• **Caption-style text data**
········
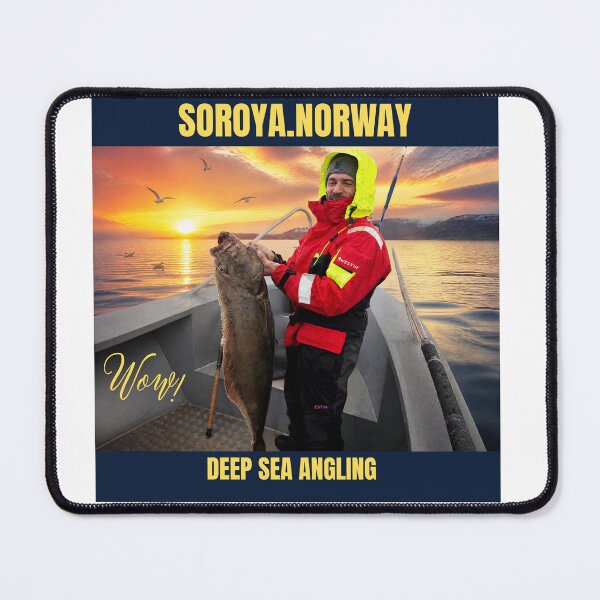Item preview, Soroya Norway Sea Fishing Angling Sunset Vintage Poster designed and sold by VersaStyles.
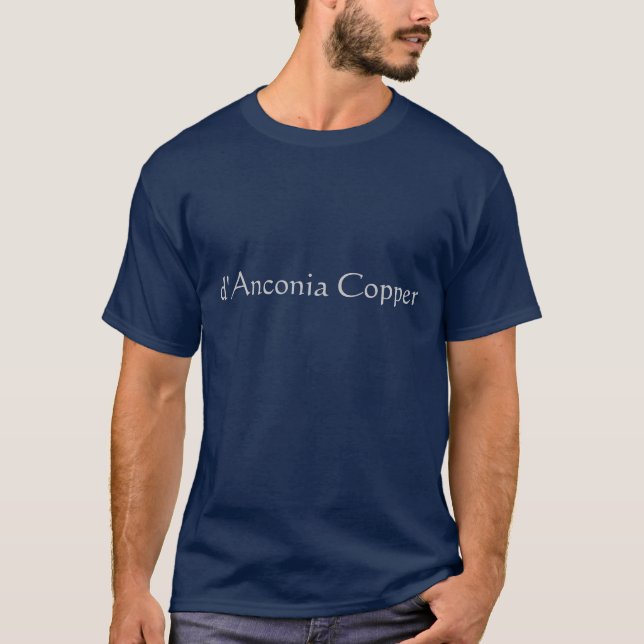 T-shirt de cuivre de d'Anconia (Devant)
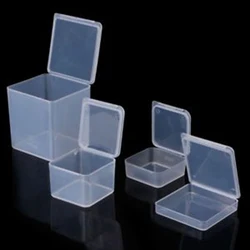 Transparent Plastic Storage Box Rectangular Square Packing Box Dustproof Strong Jewelry Storage Case Container Organizer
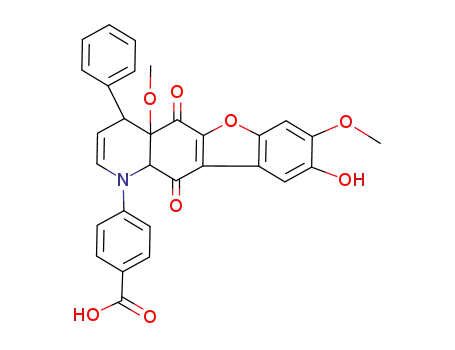 4-(3-Hydroxy-2,9a-dimethoxy-5,10-dioxo-9-phenyl-5,9,9a,10-tetrahydro-5aH-11-oxa-6-aza-benzo[b]fluoren-6-yl)-benzoic acid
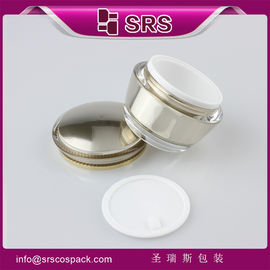 SRS sampel gratis kosong 15ml 30ml 50ml plastik bulat kemasan kosmetik toples krim grosir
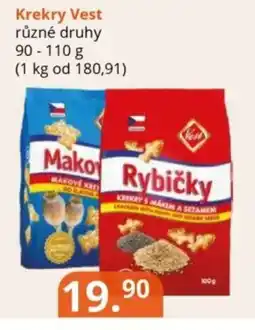 Potraviny CZ Krekry Vest nabídka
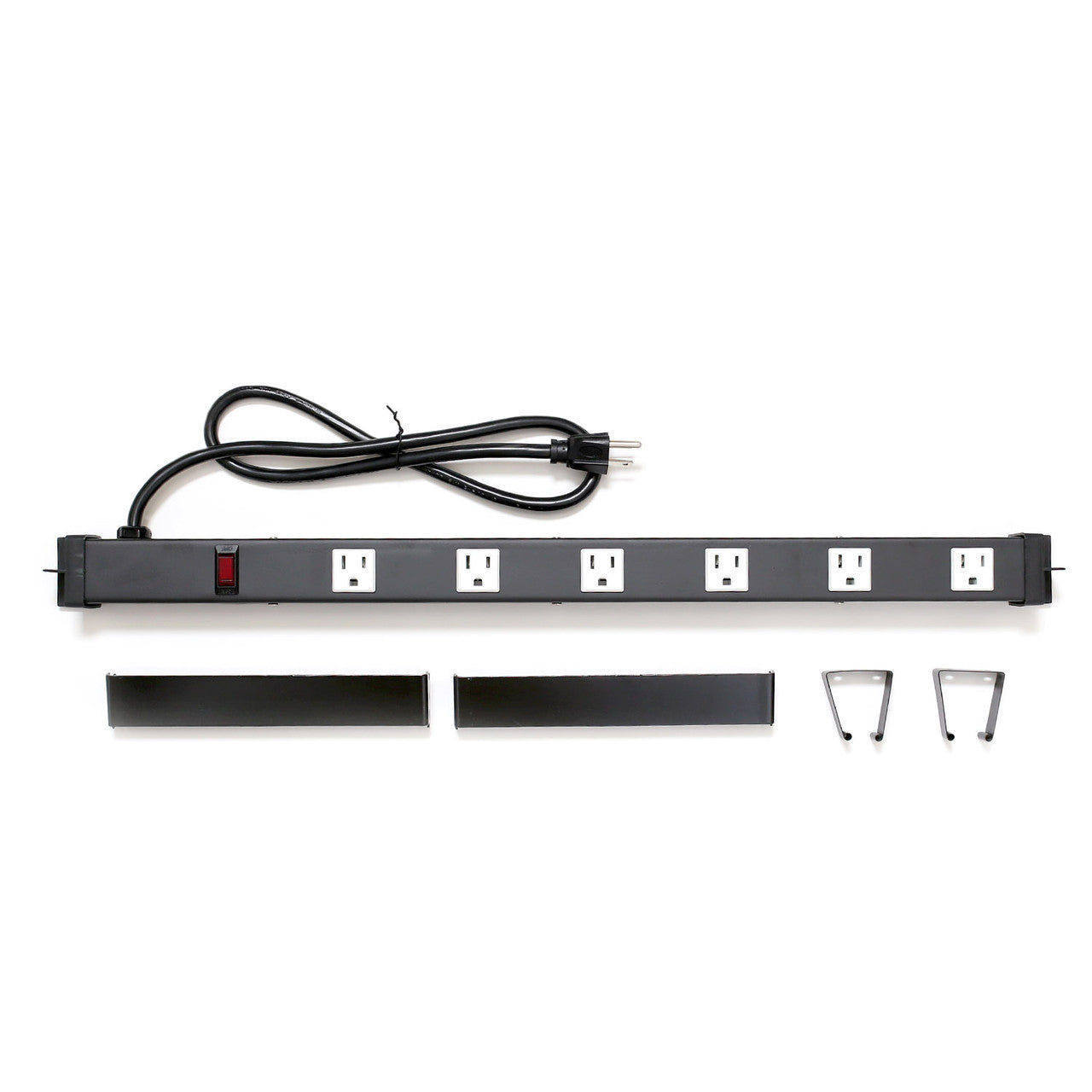 Pegboard Power Strip For Easy Attachment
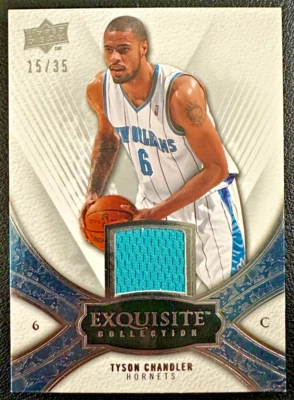 Camiseta deportiva Tyson Chandler 2008-09 UD exquisita colección usada en juegos 15/35 Foto 1 de 2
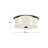 Delaney 3-Light Flush Mount Ceiling Light with Linen Shade-1739387207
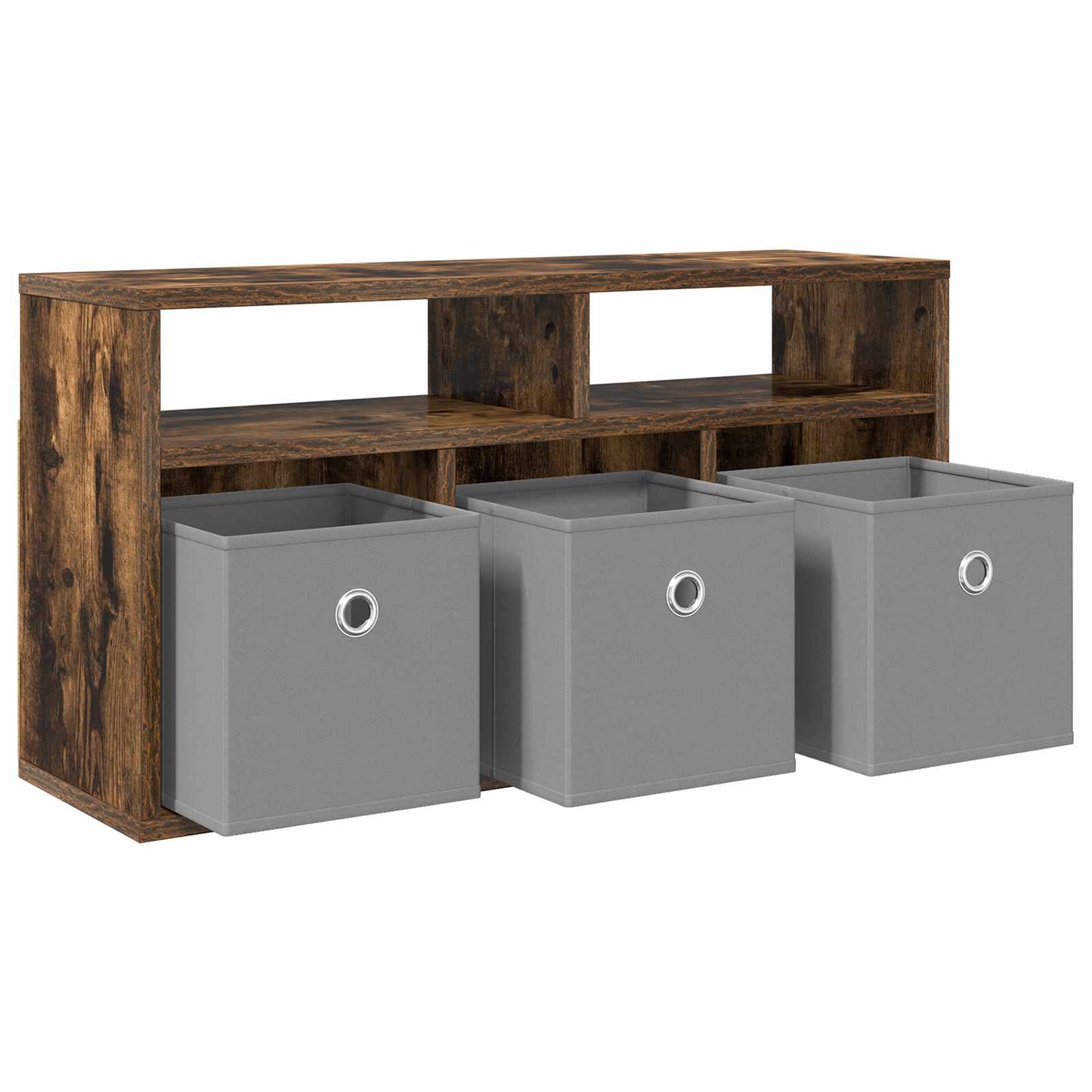 Laagkast met lade Gerookt eiken 72 x 22,5 x 38 cm is nu te koop bij PeponiXL, paradijselijk wonen!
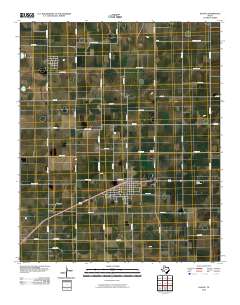 Idalou 2010 topographic map thumbnail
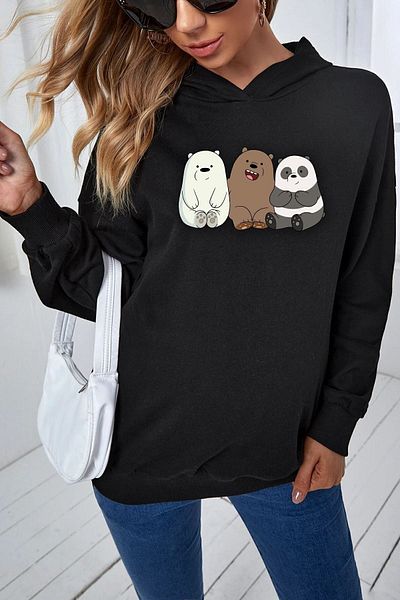 Moda Glo Φούτερ με στάμπα Unisex Skull Bears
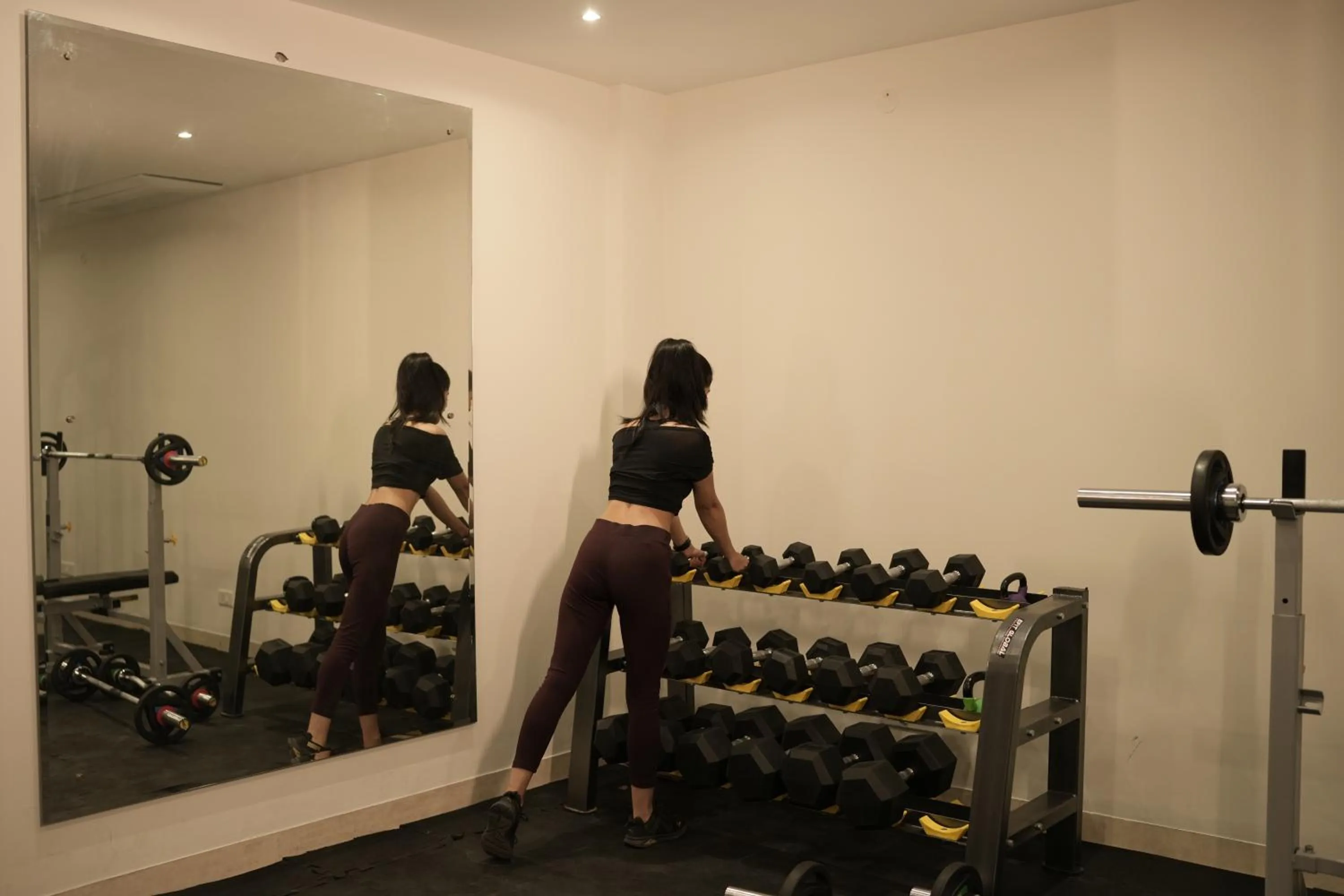 Fitness centre/facilities in The Belvedere Kasauli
········
• **WHAT YOU WILL DO**
Copy exactly the lines from the line that has "Moda Glo Φούτερ με στάμπα Unisex Skull Bears" through the last line of the entries above, inclusive, and no others. Pictures do not go in the copy.

• **EXPECTED ANSWER**
 Moda Glo Φούτερ με στάμπα Unisex Skull Bears
 Fitness centre/facilities in The Belvedere Kasauli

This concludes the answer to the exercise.